PCA score plot using aligned and scaled data. The first three components separate the three spiked samples from the rest of the dataset (+ Brämhult, × Tropicana, ∇ Willys)

Conclusions

The results demonstrate that it is possible to detect potential contaminants and, in general, non-targeted compounds in complex samples without prior knowledge of which compounds are present. All model compounds that were compatible with the LC–MS method were detected. We conclude that the method can be used to identify new or unexpected chemical hazards in food.

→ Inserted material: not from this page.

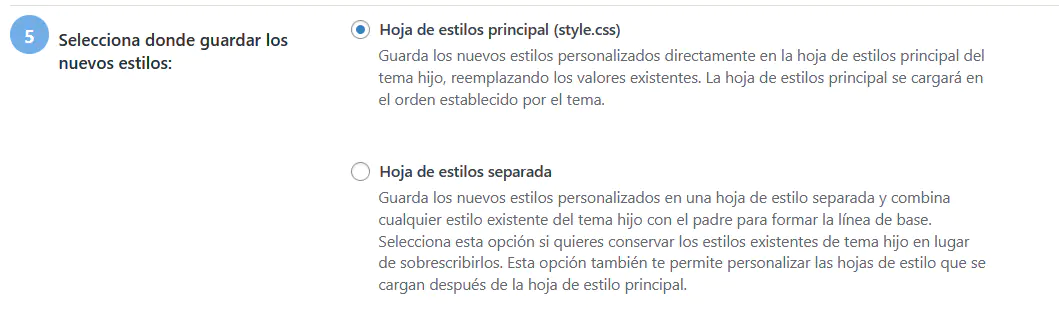 Hoja estilos css childtheme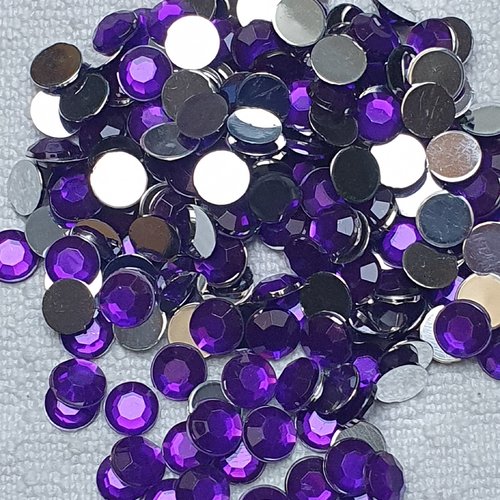 10 cabochons rond strass violet à facette 10mm acrylique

Technical replicates were critical for the data analysis. Because of the size of the dataset, several noise peaks were detected, but by comparing replicates, these could be discarded. Thus, the technical replicates act as a powerful filter to produce a more adequate peak list from one originating from an overly sensitive peak detection. The peak detection procedure requires an experienced analyst: parameter values need to be set so that all analyte peaks are detected but with as few false-positive results as possible.

The results of the data analysis suggested that there was little brand-to-brand variation between the three brands of orange juice tested. Future work will entail using the method to analyse datasets for more heterogeneous food matrices.